This recipe is from Meatless Monday. I was a little skeptical about a vegan "Cream" sauce, but was pleasantly surprised. My kids and Dave all seemed to enjoy it too, and really, there is nothing terribly unusual about it. Ground nuts give it the creamy texture.
My notes:
--I didn't have raw cashews. After much deliberating amongst me, myself, and I whether I should try roasted cashews or another raw nut I went with raw almonds. I thought it turned out to be a good choice.
--Next time I will grind the nuts up a bit before I add the other ingredients. Almonds bouncing around in tomato sauce made a big mess.
--I have never heard of chunky tomato sauce so I used crushed tomatoes.
--2 tsp. of red pepper flakes seemed like a lot for my kids based on previous red pepper experiences so I reduced it to 1/2 tsp.
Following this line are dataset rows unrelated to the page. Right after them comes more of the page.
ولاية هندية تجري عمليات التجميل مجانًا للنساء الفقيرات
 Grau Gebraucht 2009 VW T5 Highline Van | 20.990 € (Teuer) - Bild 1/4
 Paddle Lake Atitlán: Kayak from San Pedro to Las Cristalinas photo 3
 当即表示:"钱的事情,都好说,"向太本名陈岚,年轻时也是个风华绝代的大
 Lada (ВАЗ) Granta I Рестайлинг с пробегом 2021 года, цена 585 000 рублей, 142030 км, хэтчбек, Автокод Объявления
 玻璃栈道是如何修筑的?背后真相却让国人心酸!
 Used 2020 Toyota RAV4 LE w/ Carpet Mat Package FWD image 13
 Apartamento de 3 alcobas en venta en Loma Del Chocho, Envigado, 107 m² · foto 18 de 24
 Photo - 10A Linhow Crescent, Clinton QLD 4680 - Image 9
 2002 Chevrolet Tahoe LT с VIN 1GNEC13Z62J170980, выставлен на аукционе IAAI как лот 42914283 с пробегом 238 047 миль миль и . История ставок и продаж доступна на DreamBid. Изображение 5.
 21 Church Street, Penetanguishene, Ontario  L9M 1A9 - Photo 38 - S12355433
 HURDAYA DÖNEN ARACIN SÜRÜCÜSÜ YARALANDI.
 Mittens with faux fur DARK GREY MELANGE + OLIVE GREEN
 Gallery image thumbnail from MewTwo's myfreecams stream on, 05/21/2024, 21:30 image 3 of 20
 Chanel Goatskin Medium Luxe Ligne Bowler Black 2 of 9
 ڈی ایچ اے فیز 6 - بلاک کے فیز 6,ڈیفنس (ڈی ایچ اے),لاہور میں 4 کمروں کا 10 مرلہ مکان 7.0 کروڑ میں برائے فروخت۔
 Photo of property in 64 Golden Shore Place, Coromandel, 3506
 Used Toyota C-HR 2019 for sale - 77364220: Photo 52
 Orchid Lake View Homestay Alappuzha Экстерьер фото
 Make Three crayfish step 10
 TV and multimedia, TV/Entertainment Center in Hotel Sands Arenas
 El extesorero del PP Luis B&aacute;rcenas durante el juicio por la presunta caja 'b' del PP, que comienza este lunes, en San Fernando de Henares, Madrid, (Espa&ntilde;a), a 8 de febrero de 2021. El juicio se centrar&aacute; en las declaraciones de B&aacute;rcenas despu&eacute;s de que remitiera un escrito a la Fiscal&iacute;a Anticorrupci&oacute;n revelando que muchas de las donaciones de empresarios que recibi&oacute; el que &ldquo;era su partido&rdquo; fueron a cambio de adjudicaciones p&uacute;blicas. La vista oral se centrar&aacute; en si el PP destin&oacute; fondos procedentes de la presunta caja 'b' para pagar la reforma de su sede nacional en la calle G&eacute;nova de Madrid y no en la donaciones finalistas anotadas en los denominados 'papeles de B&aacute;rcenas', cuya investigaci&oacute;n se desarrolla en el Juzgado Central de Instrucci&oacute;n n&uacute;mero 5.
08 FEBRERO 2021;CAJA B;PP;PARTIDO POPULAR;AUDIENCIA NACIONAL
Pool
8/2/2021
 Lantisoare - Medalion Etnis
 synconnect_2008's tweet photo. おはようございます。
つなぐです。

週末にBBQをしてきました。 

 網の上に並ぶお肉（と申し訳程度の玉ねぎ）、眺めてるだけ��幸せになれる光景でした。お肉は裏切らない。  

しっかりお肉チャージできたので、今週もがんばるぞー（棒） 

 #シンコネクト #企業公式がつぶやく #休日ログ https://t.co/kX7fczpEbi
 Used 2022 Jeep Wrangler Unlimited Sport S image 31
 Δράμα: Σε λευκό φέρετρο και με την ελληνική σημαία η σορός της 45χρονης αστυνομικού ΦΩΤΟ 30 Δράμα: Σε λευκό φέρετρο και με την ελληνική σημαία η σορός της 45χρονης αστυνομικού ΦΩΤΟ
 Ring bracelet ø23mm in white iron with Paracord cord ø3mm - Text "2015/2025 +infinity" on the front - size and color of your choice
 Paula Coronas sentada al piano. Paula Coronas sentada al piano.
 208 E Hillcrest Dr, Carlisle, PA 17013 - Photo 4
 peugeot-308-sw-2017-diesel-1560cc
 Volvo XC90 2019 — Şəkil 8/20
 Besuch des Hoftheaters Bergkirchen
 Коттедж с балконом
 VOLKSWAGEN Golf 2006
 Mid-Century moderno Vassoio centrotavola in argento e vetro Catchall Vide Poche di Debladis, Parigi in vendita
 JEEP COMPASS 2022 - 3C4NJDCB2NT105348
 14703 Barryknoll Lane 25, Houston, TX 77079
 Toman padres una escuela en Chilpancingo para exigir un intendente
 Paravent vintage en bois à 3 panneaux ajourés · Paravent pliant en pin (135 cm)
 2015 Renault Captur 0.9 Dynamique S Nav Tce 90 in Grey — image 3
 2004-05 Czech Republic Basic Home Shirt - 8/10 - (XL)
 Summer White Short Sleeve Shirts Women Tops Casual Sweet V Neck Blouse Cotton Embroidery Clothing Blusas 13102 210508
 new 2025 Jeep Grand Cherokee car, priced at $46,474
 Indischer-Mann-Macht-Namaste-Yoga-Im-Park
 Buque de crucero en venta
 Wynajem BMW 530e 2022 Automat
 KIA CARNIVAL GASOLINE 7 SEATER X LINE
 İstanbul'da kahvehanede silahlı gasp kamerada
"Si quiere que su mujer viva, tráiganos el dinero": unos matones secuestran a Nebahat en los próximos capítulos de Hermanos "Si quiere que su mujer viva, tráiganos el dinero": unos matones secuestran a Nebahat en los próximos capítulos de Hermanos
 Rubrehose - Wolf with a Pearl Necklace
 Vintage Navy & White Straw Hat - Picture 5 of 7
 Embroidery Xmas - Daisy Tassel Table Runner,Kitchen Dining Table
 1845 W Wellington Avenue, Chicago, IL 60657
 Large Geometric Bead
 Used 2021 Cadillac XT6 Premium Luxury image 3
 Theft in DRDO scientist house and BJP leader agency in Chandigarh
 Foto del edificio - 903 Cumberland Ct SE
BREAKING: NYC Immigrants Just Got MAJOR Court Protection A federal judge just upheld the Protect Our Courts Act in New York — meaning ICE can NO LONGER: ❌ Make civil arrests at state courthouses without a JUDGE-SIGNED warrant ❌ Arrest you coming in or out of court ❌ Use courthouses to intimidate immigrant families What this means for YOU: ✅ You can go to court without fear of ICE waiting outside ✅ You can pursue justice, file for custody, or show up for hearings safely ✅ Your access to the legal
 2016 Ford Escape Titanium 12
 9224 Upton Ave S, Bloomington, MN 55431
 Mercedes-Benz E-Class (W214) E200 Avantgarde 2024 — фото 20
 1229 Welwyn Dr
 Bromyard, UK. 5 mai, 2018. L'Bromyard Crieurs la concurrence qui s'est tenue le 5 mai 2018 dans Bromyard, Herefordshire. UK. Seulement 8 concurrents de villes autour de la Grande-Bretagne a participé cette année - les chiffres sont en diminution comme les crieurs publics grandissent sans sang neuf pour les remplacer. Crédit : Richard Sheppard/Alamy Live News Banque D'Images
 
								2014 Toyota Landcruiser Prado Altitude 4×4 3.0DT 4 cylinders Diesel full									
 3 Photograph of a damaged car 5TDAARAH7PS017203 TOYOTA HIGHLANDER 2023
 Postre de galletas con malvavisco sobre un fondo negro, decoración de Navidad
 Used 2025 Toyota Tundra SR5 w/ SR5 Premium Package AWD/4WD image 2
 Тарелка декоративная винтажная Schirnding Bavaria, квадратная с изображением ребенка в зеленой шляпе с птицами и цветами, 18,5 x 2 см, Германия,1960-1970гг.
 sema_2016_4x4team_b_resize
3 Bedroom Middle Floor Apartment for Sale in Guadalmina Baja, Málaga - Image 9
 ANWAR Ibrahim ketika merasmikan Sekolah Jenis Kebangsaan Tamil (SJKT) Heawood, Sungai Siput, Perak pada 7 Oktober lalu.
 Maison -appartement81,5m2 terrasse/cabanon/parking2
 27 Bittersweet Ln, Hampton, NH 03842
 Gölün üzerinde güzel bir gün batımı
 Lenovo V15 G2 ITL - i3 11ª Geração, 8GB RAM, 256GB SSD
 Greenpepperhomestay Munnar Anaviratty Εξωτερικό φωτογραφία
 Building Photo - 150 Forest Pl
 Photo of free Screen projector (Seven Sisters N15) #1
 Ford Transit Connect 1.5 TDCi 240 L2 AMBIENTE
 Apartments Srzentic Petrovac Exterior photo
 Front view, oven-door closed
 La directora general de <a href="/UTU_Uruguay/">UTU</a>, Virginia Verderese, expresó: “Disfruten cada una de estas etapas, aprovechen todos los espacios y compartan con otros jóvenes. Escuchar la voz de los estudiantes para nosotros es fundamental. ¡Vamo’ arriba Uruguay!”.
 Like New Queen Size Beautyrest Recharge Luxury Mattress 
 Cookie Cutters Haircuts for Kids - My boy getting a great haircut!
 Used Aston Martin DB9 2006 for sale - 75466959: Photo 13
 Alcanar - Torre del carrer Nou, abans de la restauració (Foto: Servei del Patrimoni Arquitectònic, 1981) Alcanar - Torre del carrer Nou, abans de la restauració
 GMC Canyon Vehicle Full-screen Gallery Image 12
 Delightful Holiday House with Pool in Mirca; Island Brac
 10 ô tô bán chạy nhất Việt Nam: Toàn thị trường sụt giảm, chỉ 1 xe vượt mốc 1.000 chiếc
Next time I'll use at least 1 1/2 tsp.
Serves 4
For the sauce:
- 3/4 cup low sodium chunky tomato sauce
- 1/4 cup water
- 2 tablespoons tomato paste
- 1/4 cup cashews, raw
- 2 teaspoons red pepper flakes
- splash of white wine
To complete the dish:
- 1 pack gnocchi, cooked according to package instructions
- 1 cup whole cherry tomatoes
- 1/2 cup zucchini, sliced
- 2 cloves garlic, minced
- 1 tablespoon olive oil
- basil, chopped for garnish
To make the sauce:
Combine tomato sauce, water, tomato paste, cashews, red pepper and white wine in a food professor and blend until smooth and creamy. You may need to add more water to get to the desired consistency.
To complete the dish:
Heat the olive oil in a large sauté pan over medium-high heat. Add the tomatoes, zucchini and sauté for 5-7 minutes. Add the garlic and sauté for 3-5 minutes more, or until garlic is golden.
Pour the sauce from the food professor into the sauté pan and mix thoroughly. Turn heat down to medium low and simmer for 4-5 minutes.
Add the cooked gnocchi to the pan for 3-5 minutes, or until gnocchi is heated. Remove from heat and garnish with chopped basil leaves.